# Carbon handlebar and seatpost test on german Bike Magazine



## Portti (Jan 12, 2004)

I don't know if this has already been posted in here but I thought that this might be of interest in this sub-forum.

The german Bike magazine has tested some carbon parts on their last two issues. The tests consisted of laboratory tests where they try to simulate the forces which the parts are subjected in real life. So far they've tested carbon handlebars and seatposts. On both tests they tested 3 specimen of each model in the laboratory.

Here are the summary's of the test results.

*Carbon handlebar test (Bike 10/2008):*

On the carbon handlebar test they tested the bars in combination with a stem from the same manufacturer.

FSA K-Force Riser (178 g) = super
Ritchey WCS Carbon Riser (187 g) = super
Specialized S-Works Pro (151 g) = super
Syntace Vector 31.8 (184 g) = super

Easton Monkeylite XC (175 g) = very good

Race Face Next SL Carbon 3/4 Riser (170 g) = good

6th Element Indium X (150 g) = weak
Maxm M1 (112 g) = weak
Progress PG-202 (200 g) = weak
Syncros Bulk CF (204 g) = weak
Titec Pluto Riser Bar (164 g) = weak

6th Element, Maxm and Specialized were straight bars, other riser bars.

Note that Bike has tested aluminium handlebars on laboratory previously and as far as I remember even higher percentage of the aluminium parts broke on that test compared to carbon bar test.

*Carbon seatpost test (Bike 11/2008): *

FSA K-Force Carbon Lite (350*31.6 mm, 260 g) = super
FSA K-Force Carbon Lite (350**27,2 mm, 232 g) = super
Syntace P6 Carbon (400*31.6 mm, 229 g) = super
Truvativ Team Carbon Double Clamp (350*31.6 mm, 259 g) = super
XLC Composite Pro (350*31.6 mm, 264 g) = super

Race Face Next SL (400*31.6 mm, 255 g) = very good
Ritchey WCS Carbon 1 Bolt (400*31.6 mm, 224 g) = very good
Ritchey WCS Carbon 1 Bolt (350*27.2 mm, 177 g) = very good

Pro Vibe Vollcarbon (400*31.6 mm, 194 g) = good

Easton EC90 Zero (400*31.6 mm, 198 g) = weak


----------



## Flystagg (Nov 14, 2006)

Did the test provide any numbers? How mush stress did they put on the bars. Easton sure didn't fair too well, I guess I'll check out fsa for my next handlebar. Do you have any of the results from the aluminum test, did they happen to test a thompson post?


----------



## cdalemaniac (Jun 18, 2007)

Yeah, I'd really like to know too!
I had a Monkey lite XC as well and it was the worst POS handlebar I ever had. 
I'd rather stick with light weight Alloy parts in the future.


----------



## Tiffster (Jan 30, 2008)

I thought that in the last german bike mag test all of Easton's parts totally whipped other stuff on the market? 
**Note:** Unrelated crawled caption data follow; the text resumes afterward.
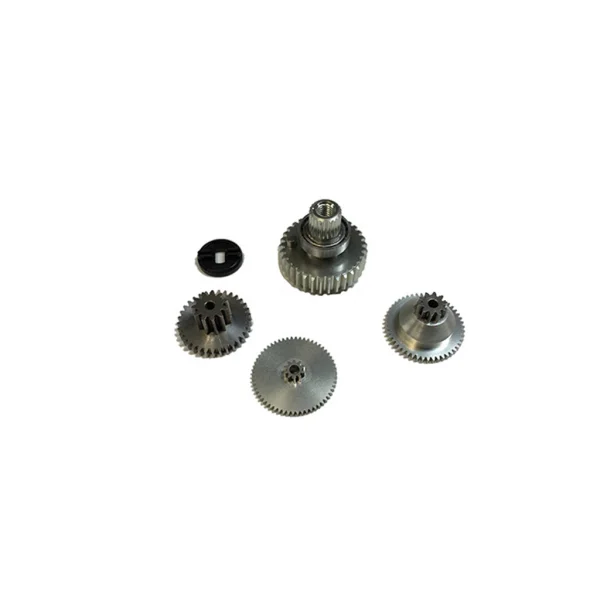 Alloy Gear for RSx2 Power — image 2 of 2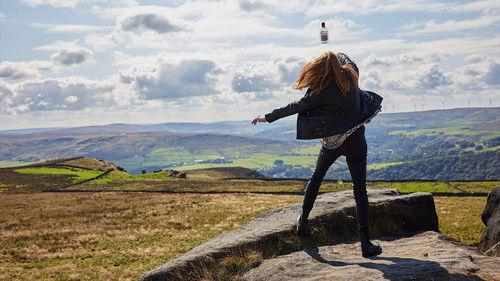 Riot Women Season 1 Episode 3 - Episode 3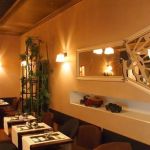 Réveillon au restaurant "Fidelia"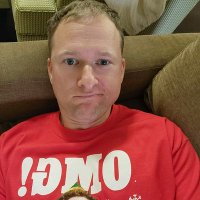 Patrick Fisher (@patfisher01) 's Twitter Profile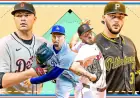 Buster Olney Unveils 2026 Top 10 MLB Starting Pitchers List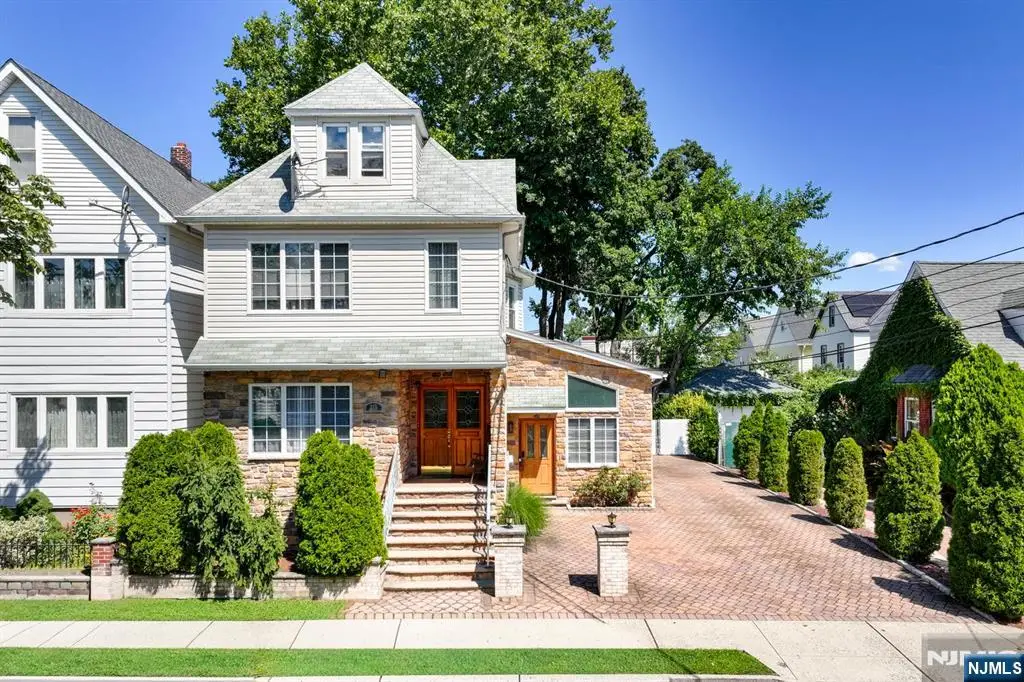 115 Market Street, Garfield, NJ 07026 - #1
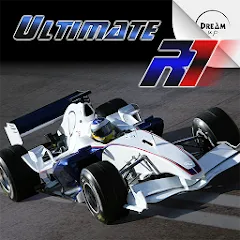 Скачать взлом Ultimate R1 (Ультимейт Р1) [МОД Unlocked] на Андроид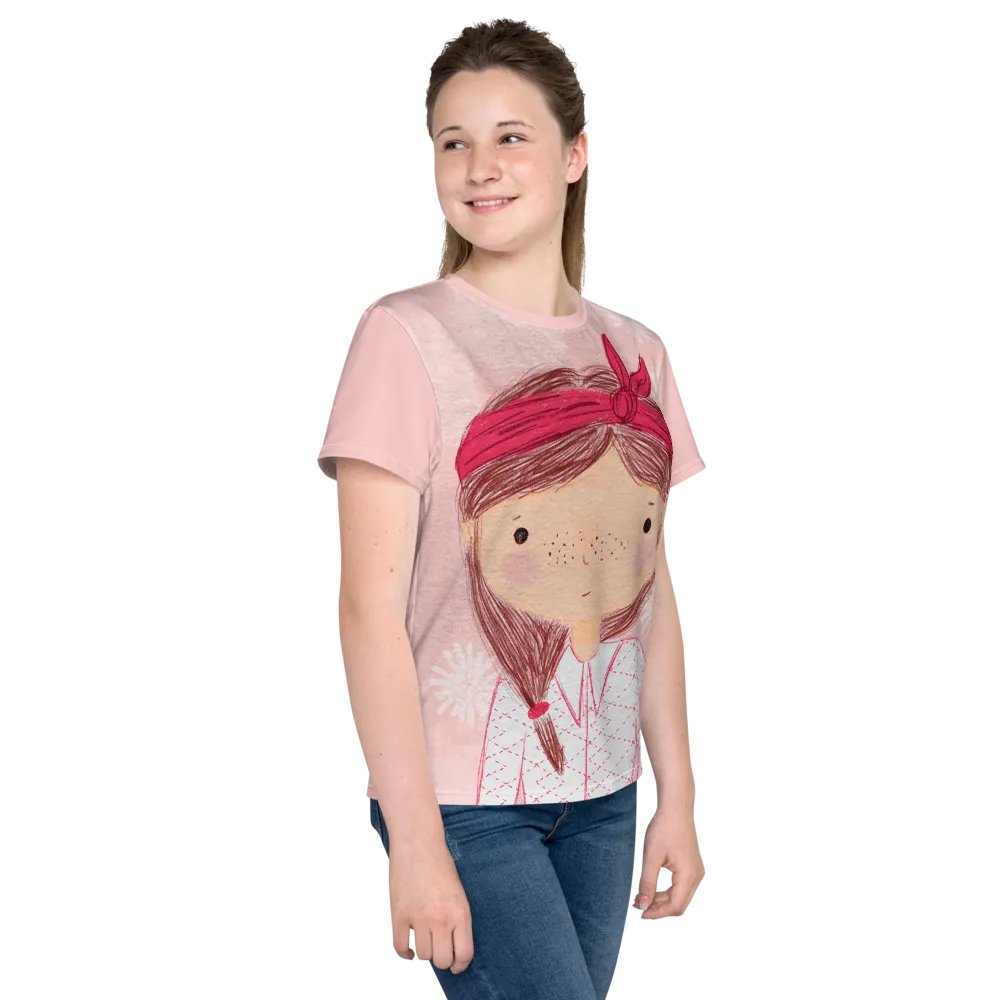 Shy Girl product image (3)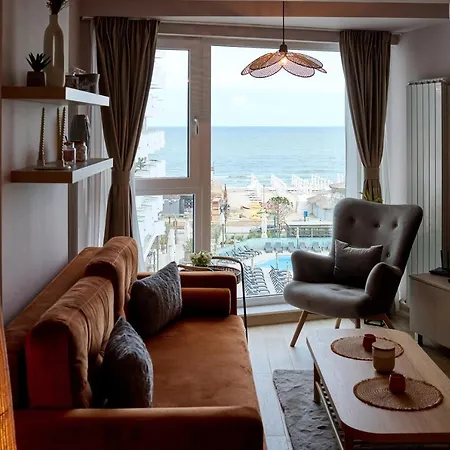 Apartment Japandi Queen Std - Infinity Pool & Spa Resort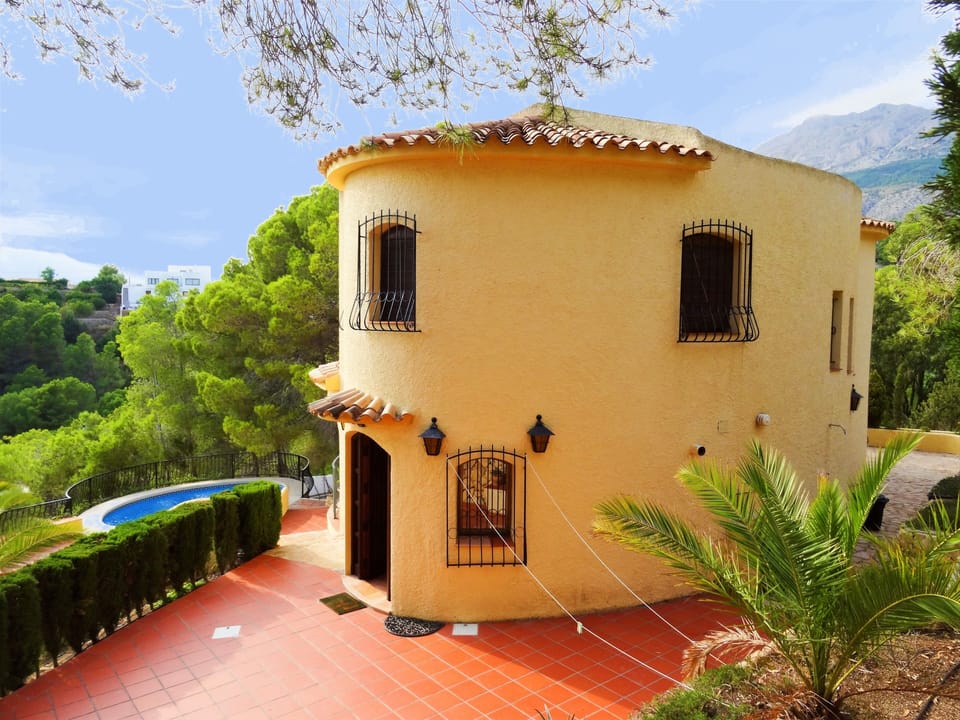 Casa Kirbo - 2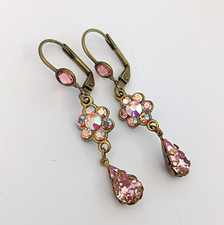 Michal Negrin Pink Crystal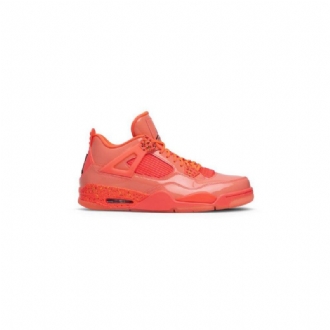 Air Jordan 4 Retro Nrg Rózsaszín Női Cipő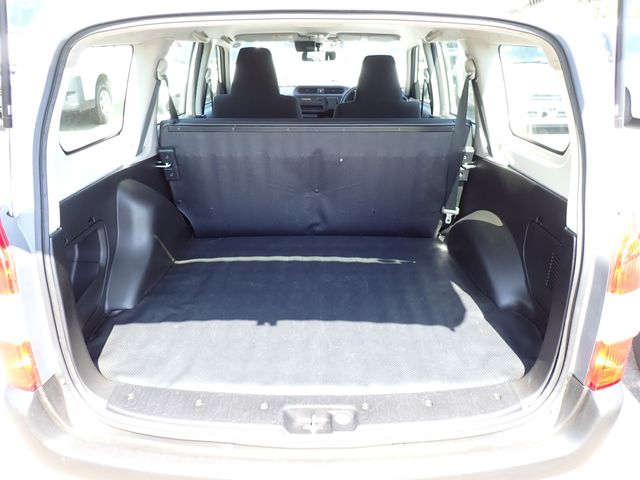 Toyota PROBOX VAN 2019-05 2974-16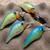 Large selection of custom fishing lures 3 thumbnail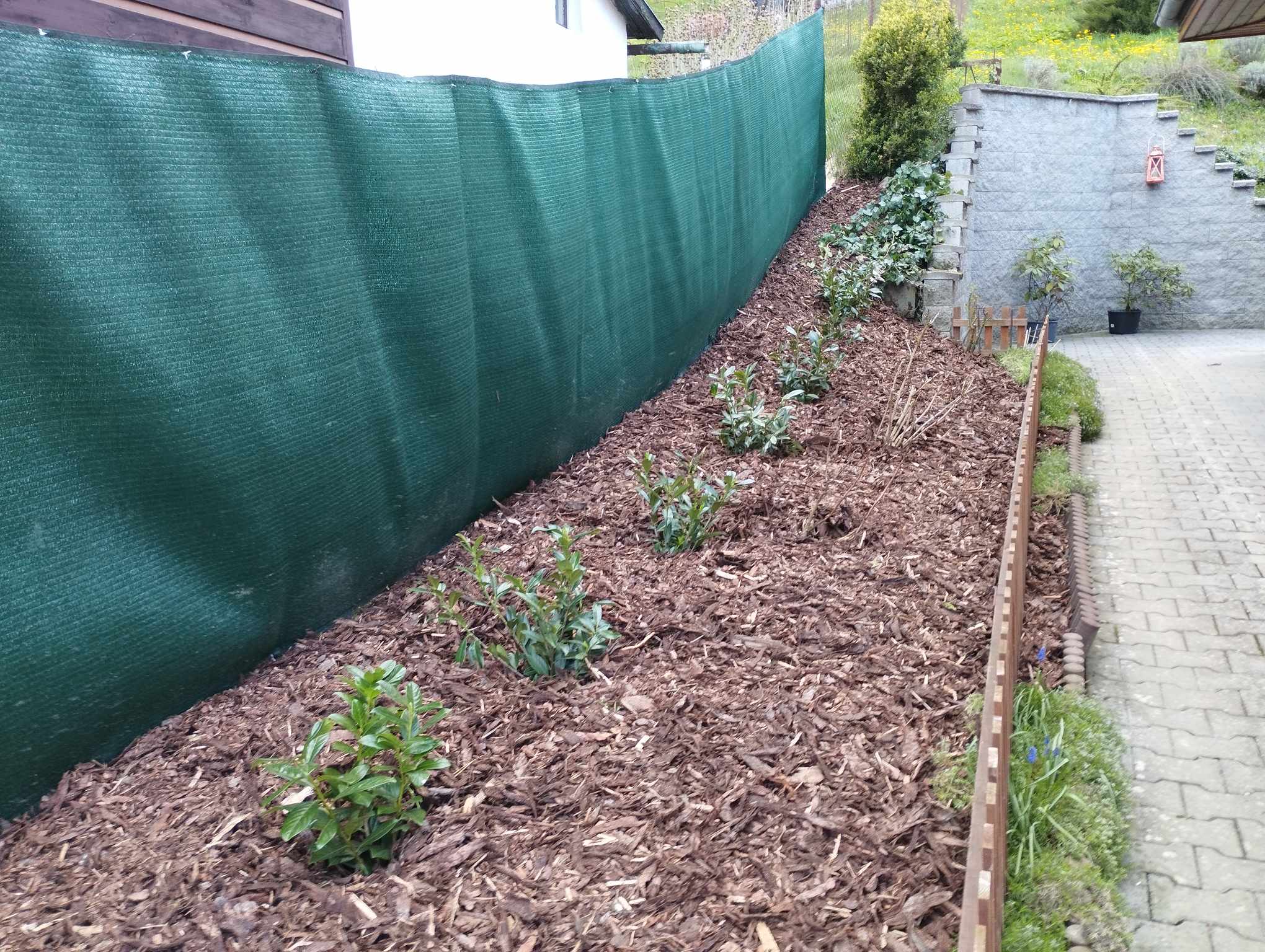 Danielovy zahrady foto 3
The CNT technology makes them stronger - so what did the test actually involve?


----------



## slowpoker (Jun 4, 2008)

I didn't realize that "very good" was so frowned upon. Don't think I'll be splurging for an easton seat post though. I am quite happy with my monkey lite xc bar, thomson post combo.


----------



## Portti (Jan 12, 2004)

In both tests they tried to simulate the real life stresses to which the parts are subjected. They had measured the forces subjected to the parts with data recording equipment on a test route in Lake Garda in Italy. Then they tried to create a test pattern on a test bench which would simulate the stresses.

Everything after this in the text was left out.